The opportunity to collaborate internationally with other teachers and leaders was made possible because of the important work of Leading Educators and their sister organization in the UK, Teaching Leaders, and the British Council. It is because of organizations like these that the discussion of middle leadership is becoming more widely known. Programs like this in the future will continue to develop capacity in our future middle leaders and improve our schools.

Reflections on Trends in Teacher Leadership

Leading Educators Advisory Board Retreat, New Orleans, February 2013

by Andrea Berkeley, Leadership Development Direct at Teaching Leaders UK and Leading Educators Advisory Board Member

Andrea Berkeley

Although the observations that follow are based mainly on UK experience, similar trends appear to be emerging across global education systems: increased public accountability in tandem with greater autonomy for schools; an urgent imperative to close the opportunity gap between affluent and poorer communities; national, public or state authority over schools being replaced by stakeholder communities or not-for-profit mission-driven organisations impatient with endemic failures of the status quo. In addition to global shifts in economic power, the nature of work itself is changing along with advances in technology.

The big question of the day seems to be whether our education systems are fit for purpose. Although successive government reforms in the UK have driven up standards overall in the last 10 years, the gap between the attainment of children from poor and affluent homes has remained roughly the same, in some areas it has widened, and there is a long tail of underachievement.

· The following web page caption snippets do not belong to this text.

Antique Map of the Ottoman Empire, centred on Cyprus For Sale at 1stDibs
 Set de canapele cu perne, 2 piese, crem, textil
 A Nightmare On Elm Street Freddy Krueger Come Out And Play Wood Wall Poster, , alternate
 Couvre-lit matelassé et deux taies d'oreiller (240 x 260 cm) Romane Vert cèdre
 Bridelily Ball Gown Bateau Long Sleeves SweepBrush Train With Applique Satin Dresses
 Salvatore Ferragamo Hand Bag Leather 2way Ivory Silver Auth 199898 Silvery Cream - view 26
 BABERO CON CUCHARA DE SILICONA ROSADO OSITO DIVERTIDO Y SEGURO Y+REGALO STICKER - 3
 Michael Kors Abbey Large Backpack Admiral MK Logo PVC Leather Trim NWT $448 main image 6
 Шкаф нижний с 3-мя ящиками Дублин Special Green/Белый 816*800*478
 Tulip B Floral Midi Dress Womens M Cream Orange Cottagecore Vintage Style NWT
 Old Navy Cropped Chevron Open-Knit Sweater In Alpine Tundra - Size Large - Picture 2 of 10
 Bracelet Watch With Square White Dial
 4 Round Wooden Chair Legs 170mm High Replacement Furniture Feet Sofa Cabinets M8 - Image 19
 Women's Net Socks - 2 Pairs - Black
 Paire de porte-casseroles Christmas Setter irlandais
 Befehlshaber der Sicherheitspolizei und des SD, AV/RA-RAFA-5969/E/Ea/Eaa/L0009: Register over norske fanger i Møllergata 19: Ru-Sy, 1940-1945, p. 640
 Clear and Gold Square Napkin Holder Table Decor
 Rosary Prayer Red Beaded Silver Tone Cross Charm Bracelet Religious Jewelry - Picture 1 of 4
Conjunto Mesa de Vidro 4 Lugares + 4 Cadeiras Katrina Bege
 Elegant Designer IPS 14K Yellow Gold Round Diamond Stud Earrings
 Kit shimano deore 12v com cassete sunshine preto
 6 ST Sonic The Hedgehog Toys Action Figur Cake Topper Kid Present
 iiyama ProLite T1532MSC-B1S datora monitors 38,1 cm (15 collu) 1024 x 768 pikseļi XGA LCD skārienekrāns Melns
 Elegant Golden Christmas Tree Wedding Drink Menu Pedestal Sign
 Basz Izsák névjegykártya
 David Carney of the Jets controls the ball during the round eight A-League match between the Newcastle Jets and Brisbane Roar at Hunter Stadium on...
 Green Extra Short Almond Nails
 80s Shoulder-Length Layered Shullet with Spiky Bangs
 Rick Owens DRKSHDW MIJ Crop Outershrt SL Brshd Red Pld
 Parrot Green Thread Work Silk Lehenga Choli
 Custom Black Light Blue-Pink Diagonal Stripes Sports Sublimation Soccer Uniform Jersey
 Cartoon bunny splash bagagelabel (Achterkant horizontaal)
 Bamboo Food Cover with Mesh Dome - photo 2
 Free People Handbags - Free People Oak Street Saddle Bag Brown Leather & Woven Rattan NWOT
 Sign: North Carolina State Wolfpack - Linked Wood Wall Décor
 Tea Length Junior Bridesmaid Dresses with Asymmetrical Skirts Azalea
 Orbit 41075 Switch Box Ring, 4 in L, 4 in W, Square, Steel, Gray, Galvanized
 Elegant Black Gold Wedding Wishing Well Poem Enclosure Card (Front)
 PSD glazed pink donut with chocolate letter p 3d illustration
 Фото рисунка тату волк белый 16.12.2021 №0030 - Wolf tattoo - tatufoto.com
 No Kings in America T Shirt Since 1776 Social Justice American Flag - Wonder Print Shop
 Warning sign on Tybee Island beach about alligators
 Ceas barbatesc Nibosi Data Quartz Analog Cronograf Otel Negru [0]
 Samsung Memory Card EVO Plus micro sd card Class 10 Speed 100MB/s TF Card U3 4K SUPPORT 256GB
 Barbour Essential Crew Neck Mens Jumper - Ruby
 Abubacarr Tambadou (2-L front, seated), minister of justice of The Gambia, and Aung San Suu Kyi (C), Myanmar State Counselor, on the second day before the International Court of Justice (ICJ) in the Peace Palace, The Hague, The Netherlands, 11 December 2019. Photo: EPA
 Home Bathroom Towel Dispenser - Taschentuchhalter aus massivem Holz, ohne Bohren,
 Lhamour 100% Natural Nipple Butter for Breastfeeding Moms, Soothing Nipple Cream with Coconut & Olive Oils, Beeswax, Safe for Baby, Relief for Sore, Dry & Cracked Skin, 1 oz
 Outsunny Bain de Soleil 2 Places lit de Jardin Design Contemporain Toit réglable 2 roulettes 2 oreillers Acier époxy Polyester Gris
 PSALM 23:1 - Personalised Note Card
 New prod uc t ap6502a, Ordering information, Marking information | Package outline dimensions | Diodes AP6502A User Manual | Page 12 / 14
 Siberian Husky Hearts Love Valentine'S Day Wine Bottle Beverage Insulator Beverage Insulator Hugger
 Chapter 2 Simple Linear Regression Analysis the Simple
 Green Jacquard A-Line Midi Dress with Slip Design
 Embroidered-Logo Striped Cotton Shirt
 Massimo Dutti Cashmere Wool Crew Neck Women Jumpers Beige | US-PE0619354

The legacy of the Charter School movement in the US - KIPP in particular - echoes through the rapid emergence of new kinds of school organisation in the UK – federations clustered around ‘Teaching Schools’ which, partnered with a university, provide professional development from initial teacher training to leadership and management across groups of schools; independent yet state-funded chains of academies and the new ‘Free Schools’.

These systemic changes afford more opportunities for collaboration and the kind of distributed leadership essential for building a self-sustaining system, where schools learn from and support each other. This ideal is easier said than done: for some sceptics the definition of ‘collaboration’ would seem to be ‘the suppression of mutual loathing in pursuit of government funding’, when faced with the reality of forced collaboration or reluctant leadership.

A McKinsey report on education standards published in the UK two years ago emphasised the importance of school leadership, citing research demonstrating that the quality of leadership is second only to classroom teaching in its impact on student achievement. The same report also published data showing that in-school variation – between subject departments and between individual teachers – is as big a driver of the opportunity gap as school-to-school variation.

Both the UK and the US have invested soundly in the development of school leadership in recent years, both as a strategic management tool and as a means of growing the leadership talent pipeline. But the focus has been mainly on senior leadership and not on those teachers who lead on the frontline of delivering improved standards.

The imperative to address the development needs of ‘first-line leaders’ – those middle ranking teachers who lead teams of teachers – was raised at an Education Summit held by Leading Educators US and Teaching Leaders UK in Washington DC in 2009. Little has been institutionalised in developed countries since then and the concept is almost virtually unknown in developing nations. Even in the UK and the US there is still a prevalence of ‘first among equals’ or ‘advocate’ culture rather than teacher-leaders who are accountable and who hold others to account.

The time for a collaborative, networked approach that includes support for individual teacher-leaders as well as advancing systemic change might just be right, as Generation Y, the ‘Me’ Generation is being replaced by the ‘C’ Generation, a psychographic group emerging on both sides of the Atlantic as highly connected, pluralistic, multi-cultural, media-savvy digital citizens with shared values and lifestyles.